Psychologists Tversky and Kahneman first described anchoring in 1974. Fifty years later, SaaS companies have turned it into an exact science.

Trick 3: The annual discount illusion

"Save 20% with annual billing!" Every SaaS does this. The actual math rarely works in your favor.

Here's the trick: the "discount" is calculated against the monthly price, which is intentionally inflated. The real price — the one the company actually expects you to pay — is the annual price. The monthly option exists purely as an anchor (see Trick 2) to make annual feel like winning.

Slack's pricing: $8.75/month annual vs. $12.50/month monthly. The "savings" is 30%. But $8.75 is the real price. The $12.50 monthly option is a decoy dressed as flexibility.

For builders: if your target price is $10/month, set annual at $10 and monthly at $14. Nobody's saving money — you're just using monthly as bait.

Trick 4: The "Most Popular" badge

That little banner that says "Most Popular" or "Best Value" on the middle tier? It's not based on data. It's a nudge.

Social proof — the psychological tendency to follow what others do — is one of the strongest drivers of conversion. When visitors see "Most Popular," their brain shortcuts to: "if most people pick this one, it's probably right for me too." This bypasses rational price comparison entirely.

Stripe uses "Recommended" instead of "Most Popular." Same trick, slightly different framing. Basecamp uses "The only plan" — even bolder, eliminating choice entirely.

According to research compiled by CXL, adding a "Most Popular" badge to the target tier increases selection of that tier by 15–25%. Implementation cost: exactly $0.

Trick 5: Feature matrix confusion

Long feature comparison tables with 30+ rows and checkmarks. Nobody reads them all. That's the point.

The abundance of features makes higher tiers FEEL more valuable without the visitor actually evaluating each one. The checkmarks create a visual pattern: more checkmarks = more value.

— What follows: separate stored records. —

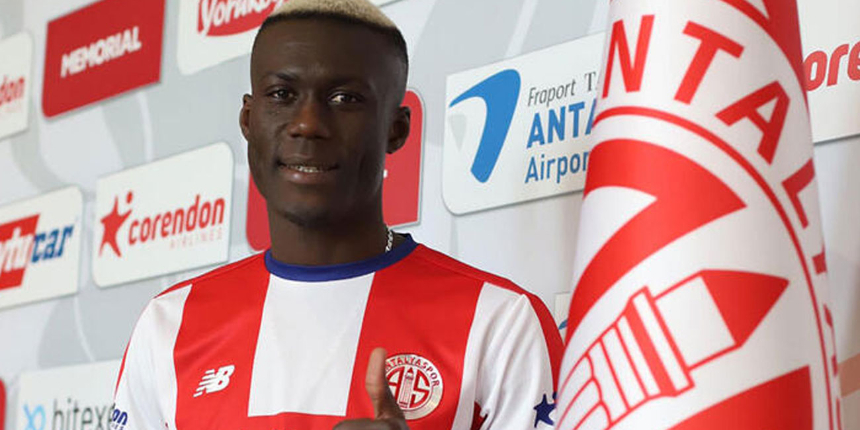 Antalyaspor'da Senegalli futbolcu Alassane Ndao ile  1 yıl daha anlaşmaya varıldı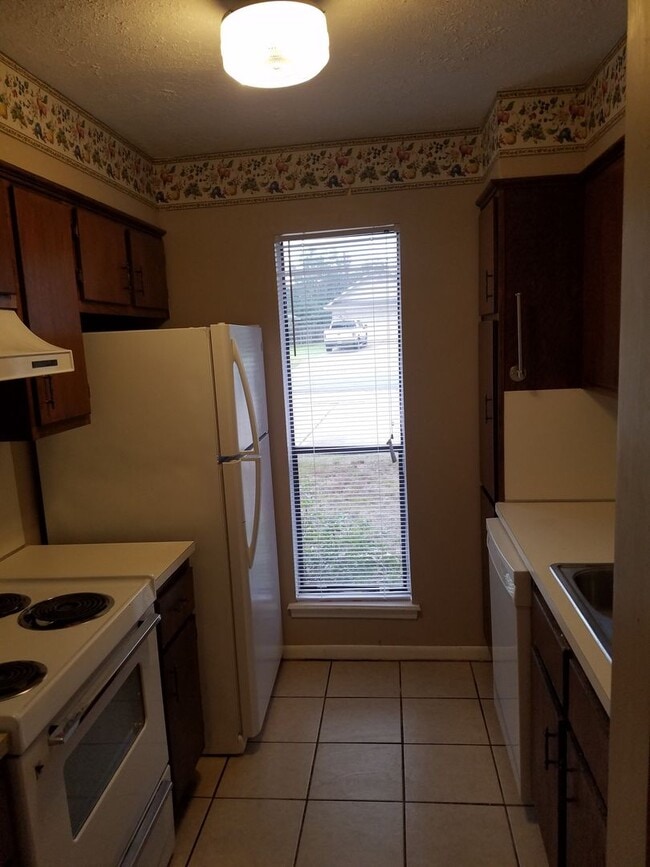 Building Photo - 412-414 Brentwood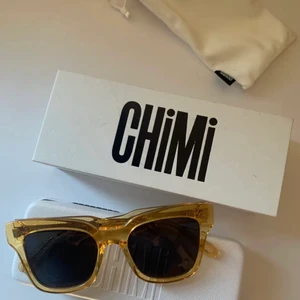 Chimi solglasögon  - Säljer mina Chimis i Mango 005💕 kan även tänka mig byta mot några i 004 modellen💕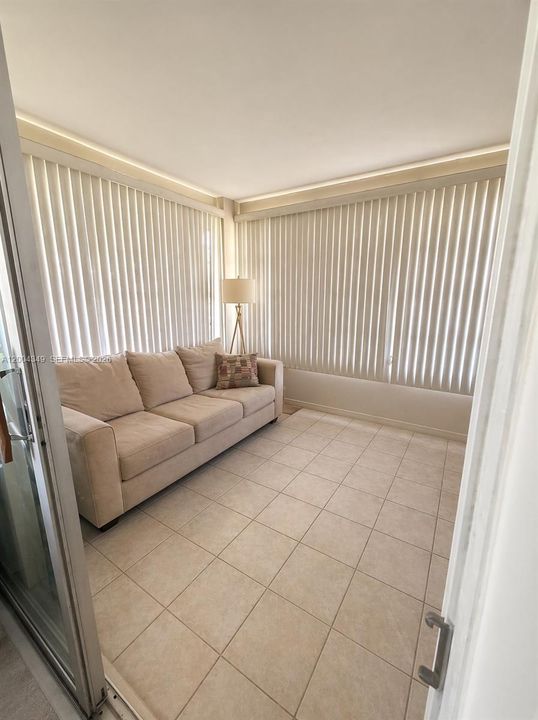 For Sale: $250,000 (2 beds, 2 baths, 1175 Square Feet)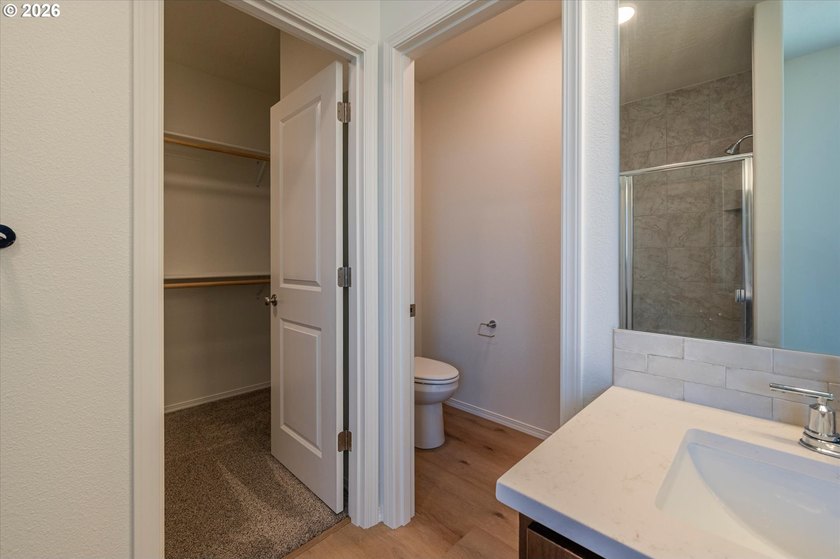 Motivated seller. Brand new 3 bedroom, 2 bathroom home offering - photo 28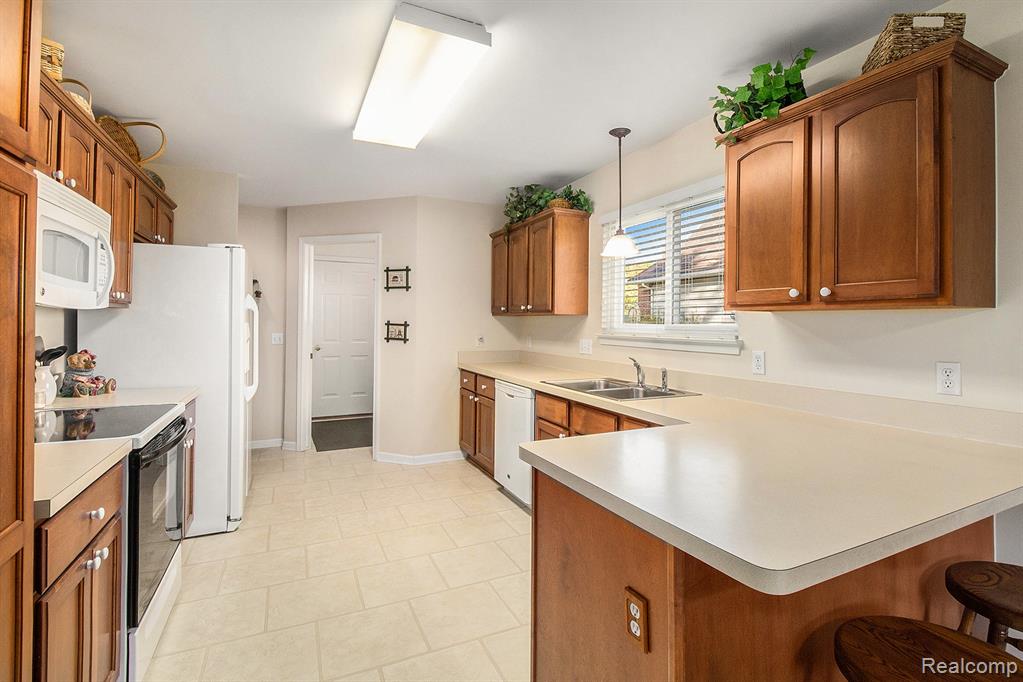 9771 Tioga Trail, Pinckney, MI 48169 — Photo 8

Your brain shortcuts to "more green = better deal" without doing the math.

Zoom's pricing page has a feature matrix with 40+ items. I counted. Most users need 3–4 of those features. But 40 checkmarks on the Business tier vs. 25 on the Pro tier creates an irresistible visual pull toward Business. 🔍

For builders: include features in your comparison table that your target tier has but the lower tier doesn't. Even minor features — "custom colors," "priority support" — add visual weight that tips the scale.

Trick 6: Charm pricing

$49/month. Not $50. Not $48. Specifically $49.

Charm pricing — ending prices in 9 — still works in B2B SaaS, despite what rational economics would predict. A study by Anderson and Simester at MIT found that prices ending in 9 outsell prices ending in 0 by 8% on average. Even when the 9-ending price is HIGHER.

In one experiment, an item priced at $39 outsold the same item at $34. The $39 price signaled "deal" while buyers read $34 as "cheap quality." This is not rational behavior. That's exactly why it works.

Trick 7: Urgency and scarcity

"Price increases April 1st." "Only 50 seats left at this price." "Early bird pricing ends soon."

FOMO — fear of missing out — activates the same neural pathways as actual loss. Real scarcity drives action. Artificial scarcity drives action too. Your brain processes both the same way.

AppSumo built an entire business model on artificial scarcity. Lifetime deals with countdown timers and "only X left" badges. Their conversion rates on limited-time offers reportedly hit 3–4x their standard rate.

The ethical line matters here: real scarcity ("we're raising prices next quarter because our costs increased") is legitimate. Fake scarcity ("only 3 left!" when the counter resets daily) erodes trust. Use this one carefully.

Now you're dangerous

Every pricing page is a sales page wearing a spreadsheet costume. The numbers look objective. They're not. Every element — tier order, highlighting, badges, feature lists, price endings — guides you toward one specific plan.

Now you see the wires.

Whether you're buying or building, here's my take: use all seven when constructing your own pricing. But never use Trick 7 dishonestly. The first six are framing — presenting the same reality from a favorable angle. The seventh is a promise. Break it and you lose something no pricing trick can buy back.